The “replicator” service connected to a server and shortly after, raised an exception and crashed. The 118.738 is the time in seconds since the test started. The exception made it look like it was being served corrupt data, which should never happen under any circumstances. Antithesis also has a tool that can investigate a specific instance of a failure by rewinding a bit, running with different input, and seeing whether it failed again. It produces a graph like this.

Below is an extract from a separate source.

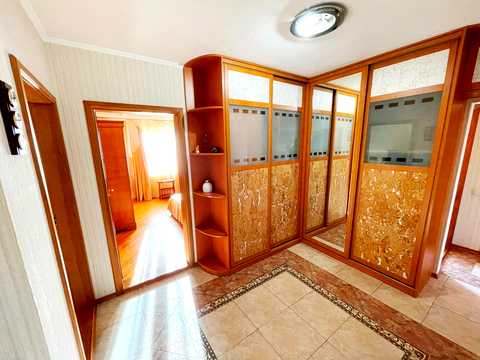 квартира за адресою Йорданська вул. (Лайоша Гавро), 11-Д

This is showing that somewhere about 6 seconds before the crash, something happened that put us in a state where it was very likely to reproduce. If we go back through the logs, we can find out that Antithesis randomly killed a different service around that time.

111.861

fault_injector

{"fault":{"name":"kill","affected_nodes":["primary.tip-retransmitter.1"]}}

We can also filter the logs down to look for that specific service.

113.911

primary.tip-retransmitter.1

Info: Starting from snapshot with stream time 2025-11-28 16:59:51.362900555-05:00

113.911

primary.tip-retransmitter.1

Debug: Streaming TCP retransmitter listening on 10.89.5.61:42679

And that also lists the same host and port that the replicator connected to. But this still doesn’t say much – a server restarted, a client connected to it, and then the client got corrupt data? At this point we can jump into Antithesis’ debugger environment, which lets you write notebook-style snippets to run inside the virtual machine. By rewinding time by one second before the crash and running tcpdump, we can capture the exact traffic that was exchanged between the client and the server.

branch = moment.rewind(Time.seconds(1)).branch()
container = 'standby.replicator.1'
print(bash`tcpdump -nn -X tcp and host 10.89.5.61`.run_in_background({ branch, container }))
branch.wait(Time.seconds(5))

And with a little grit, we can extract the query that the client sent.

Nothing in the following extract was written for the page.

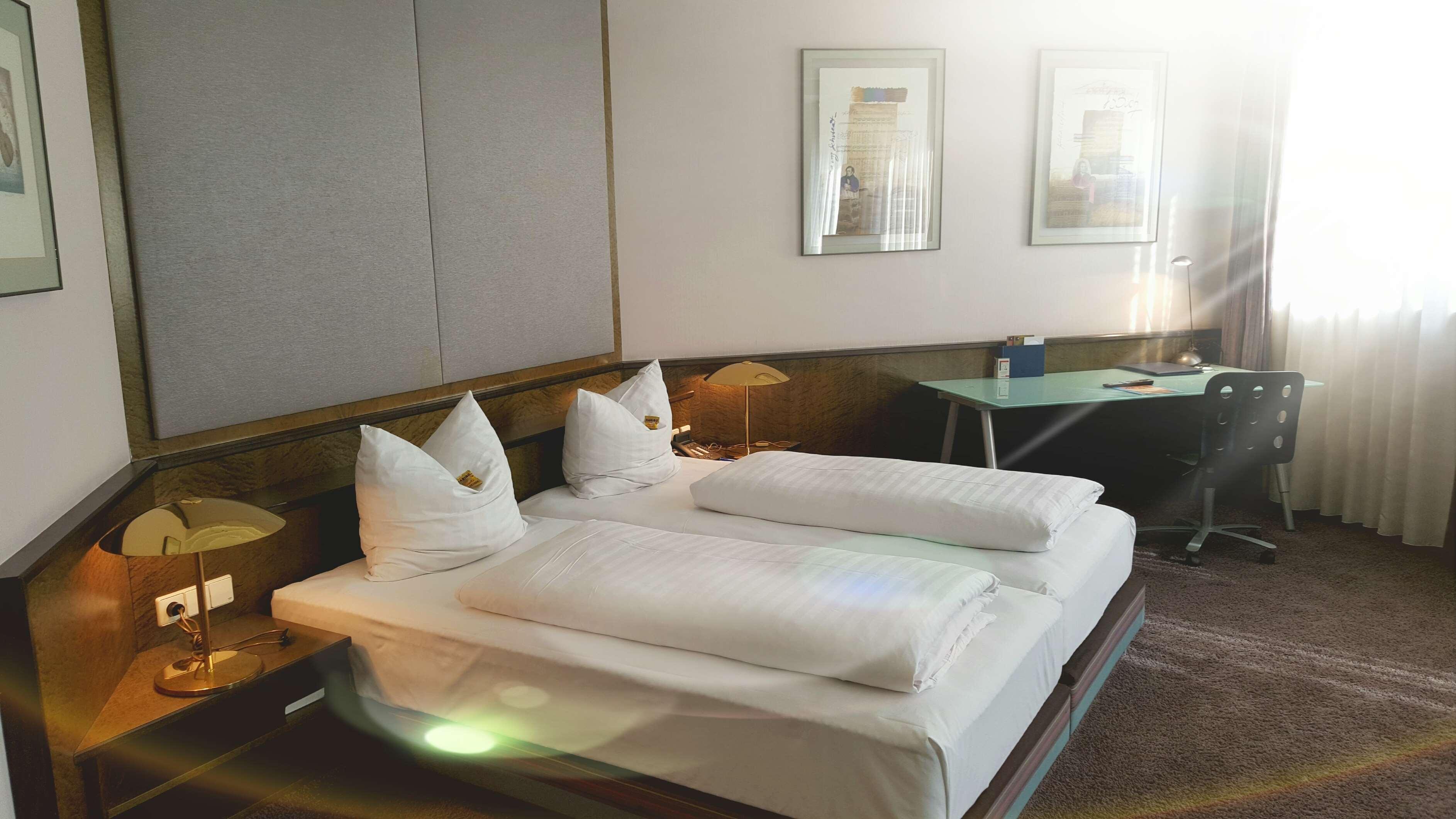 Messehotel Europe Stuttgart Buitenkant foto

16:59:57.631701 IP 10.89.5.36.35922 > 10.89.5.61.42679: Flags [P.], seq 40:67, ack 40, win 32768, options [nop,nop,TS val 2689576410 ecr 3733209032], length 27 0x0000: 4500 004f c841 4000 4006 5355 0a59 0524 E..O.A@.@.SU.Y.$ 0x0010: 0a59 053d 8c52 a6b7 934f 4b7a df85 101d .Y.=.R...OKz.... 0x0020: 8018 8000 1f54 0000 0101 080a a04f adda .....T.......O.. 0x0030: de84 3fc8 1900 1500 0000 51c8 0400 0000 ..?.......Q..... 0x0040: 0000 0041 3131 3233 0000 00ff ffff ff ...A1123.......

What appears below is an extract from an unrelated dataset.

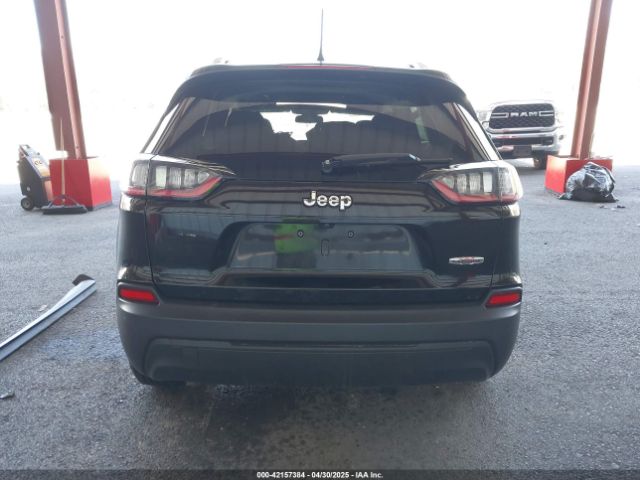 1C4PJLCB1KD444428 Jeep Cherokee Latitude Fwd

This highlighted portion is the byte offset that was requested by the client. It’s a little-endian 64-bit integer whose value is 0x04c851, or 313425 in decimal. Okay, so what did that snapshot contain?

container = 'primary.tip-retransmitter.1'
print(bash`aria admin get-latest-snapshot -max-stream-time '2025-11-28T16:59:51.362900555-05:00' \
            | sexp get '.snapshot.metadata.core_stream_length'`.run({ branch, container }))

Here we not only get to use our own admin command to talk to a server, but we also can simply pipe the output to another tool of ours that dissects and pretty-prints the output.

((stream_time 2025-11-28T16:59:51.362900555-05:00) (byte_offset 315567))

This is telling us that the server started from byte offset 315567, which is after the offset of the request. It should have served the client an error, not bad data! At this point we have enough of a picture to read through the code and figure out what’s wrong.

The gritty details

This bug was related to a new feature extending the “tip-retransmitter” service which was mentioned in the logs above. These services provide data to clients (the “replicator” in this case) on demand from an in-memory ring buffer – only the most recent data in the stream, or the “tip”, is available. These services had been in use for a long time but recently were given the ability to serve clients in other regions in addition to local clients. Something about this new behavior was buggy.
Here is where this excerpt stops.